Подобные «трудовые» песни общеизвестны: «Заводская проходная», «Спят курганы тёмные», «Мы с железным конём». Никаких новых идей, относительно рассмотренных, там не содержится, поэтому нет нужды обращаться к каждой. Отметим только заклинание, которое будет в том или ином виде повторяться во многих других песнях: «Я не хочу судьбу иную, и ни на что б не променял ту заводскую проходную, что в люди вывела меня.» Заводская проходная здесь – стандартный образ Великой вагины, которая ежедневно вбирает в себя и выдавливает обратно массы людей, которая рождает самого героя. Но не в ней суть завершающих строк, а в том, чтобы не хотеть судьбы иной. Песенная лирика тех лет очень активно работает на создание ИДЕНТИЧНОСТИ советского человека. Она (лирика) привязывает человека к конкретной судьбе – тяжёлой, жертвенной, и не оставляет ему вариантов.
После Великой отечественной войны, в ходе которой солдаты-победители повидали иные страны и начали делать кое-какие выводы, актуальной становится тема фиксации на Родине. Вот один из многочисленных примеров:
(М.Исаковский. М.Блантер.)
Летят перелетные птицы
в осенней дали голубой
Летят они в жаркие страны
А я остаюся с тобой
А я остаюся с тобою
родная навеки страна
Не нужен мне берег турецкий
И Африка мне не нужна
Немало я стран перевидел
Шагая с винтовкой в руке
Но не было большей печали
Чем жить от тебя вдалеке
Немало я дум передумал
С друзьями в далеком краю
Но не было большего долга
Чем выполнить волю твою
Пускай утопал я в болотах
Пускай замерзал я на льду
Но если ты скажешь мне слово
Я снова все это пройду
Надежды свои и желанья
связал я навеки с тобой
С твоею суровой и ясной
С твоею завидной судьбой
Летят перелетные птицы
ушедшее лето искать
Летят они в жаркие страны
А я не хочу улетать
А я остаюся с тобою
родная моя сторона
Не нужно мне солнце чужое
Чужая земля не нужна
Не нужен нам берег турецкий и Африка нам не нужна (авторская орфография и стилистика сохранены)
Сегодня эту безыскусную песню поют те, кто для отдыха предпочитает Таиланд или Багамы.

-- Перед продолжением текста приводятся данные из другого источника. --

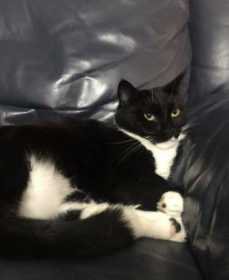 Lost Cat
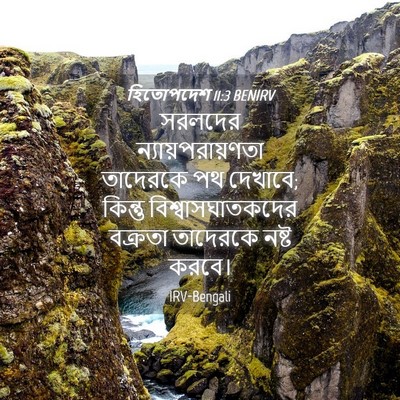 Picture 04 - হিতোপদেশ 11:3 BENIRV - সরলদের - Bible Verse Picture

Интерпретировать текст подробно незачем – это гомогенное излияние сепарационной тревоги. Есть только одно «углублённое» место - «Надежды свои и желанья связал я навеки с тобой» - такой эффект привязки надежд и желаний к одному объекту достигается в том случае, если мать воспитывает ребёнка с позиции «Я лучше знаю, чего ты хочешь, я лучше представляю, чего тебе надо». Собственные индивидуальные желания и устремления личности оказываются изолированы. Вместо «я хочу» остаётся дырка, в которую вкладываются любые суррогаты. Да, с глубинным ущербом было воспитано целое поколение. Но гордиться таким ребёнком – всё равно, что гордиться уродом, выращенным на потеху в китайском сосуде.
Впрочем, наш герой готов покинуть родину, но только по приказу самой родины.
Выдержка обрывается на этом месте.